Hank is deeply attached to his family- but he's also a firm believer in the ethics of his work as a DEA agent. What has to happen to Hank is an inner conflict between his devotion to kin and his guiding moral principles. This conflict allows room for two fundamentally different courses for the show to follow.
What if Hank puts family first? Then he either aids Walt or offers some deal (as Skyler did with the divorce in season 3) for silence. In doing so, Hank becomes another casualty of Walt's decision to become a bad person. Walt's individual self-corruption has, despite the best intentions, corrupted all those around him as well, even his Drug Enforcement Agency brother in law. I don't know how a Hank who has turned to the proverbial dark side would act.
What if Hank puts his ethics and work first? Then he questions Walt about the book, and begins a new venture to gather evidence on Walt. This leaves open the possibility of Walt's purchase of an M16 on his 52nd birthday (roughly nine months from the show's current chronological location) being to defend himself from the DEA or, fuck forbid, the federal government, obviously in vain. Even if that isn't the case, Walt and Hank are definitely bitter enemies down this path, and one of them dies. It would speak volumes to Walt's corruption if he killed his own brother-in-law.

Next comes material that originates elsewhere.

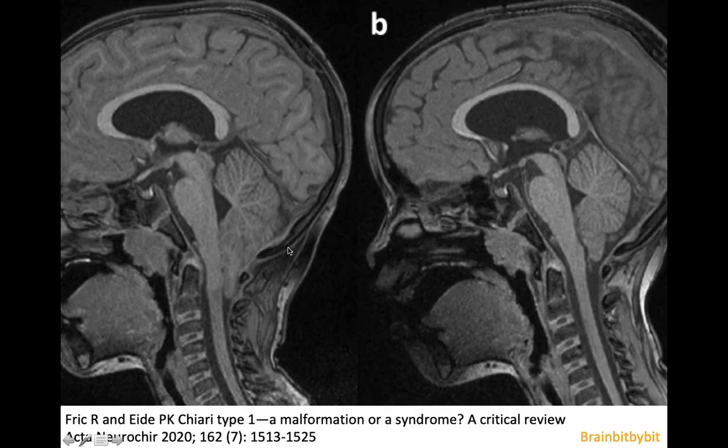The position of the cerebellar tonsils is not a static one. This is an MRI of a five-year-old boy — you can see he is young because of his large adenoids. He had been imaged for a completely unrelated reason and they found this low position of the cerebellar tonsils. But at a follow-up examination a few months later, the cranio-cervical junction looked normal.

Either way, the moral of Breaking Bad is unquestionably that your decisions have consequences outside of yourself. Walt only turned to the dark side to secure his family for after he died. And yet, he’s made a murderer out of Jesse, a fraud and money launderer out of Skyler, and no matter what comes of the inevitable inner conflict in Hank, a victim of Walt’s decisions regardless. Vince Gilligan has described the basis of the show being that he can’t picture “Adolf Hitler or Pol Pot or pick your poison…” dying ‘unpunished.’ Somehow Walt is going to have to pay for all his victims’ suffering. That’s the last mistake this show has the chance to make, before I, at least, laud it as the single best thing to happen to television.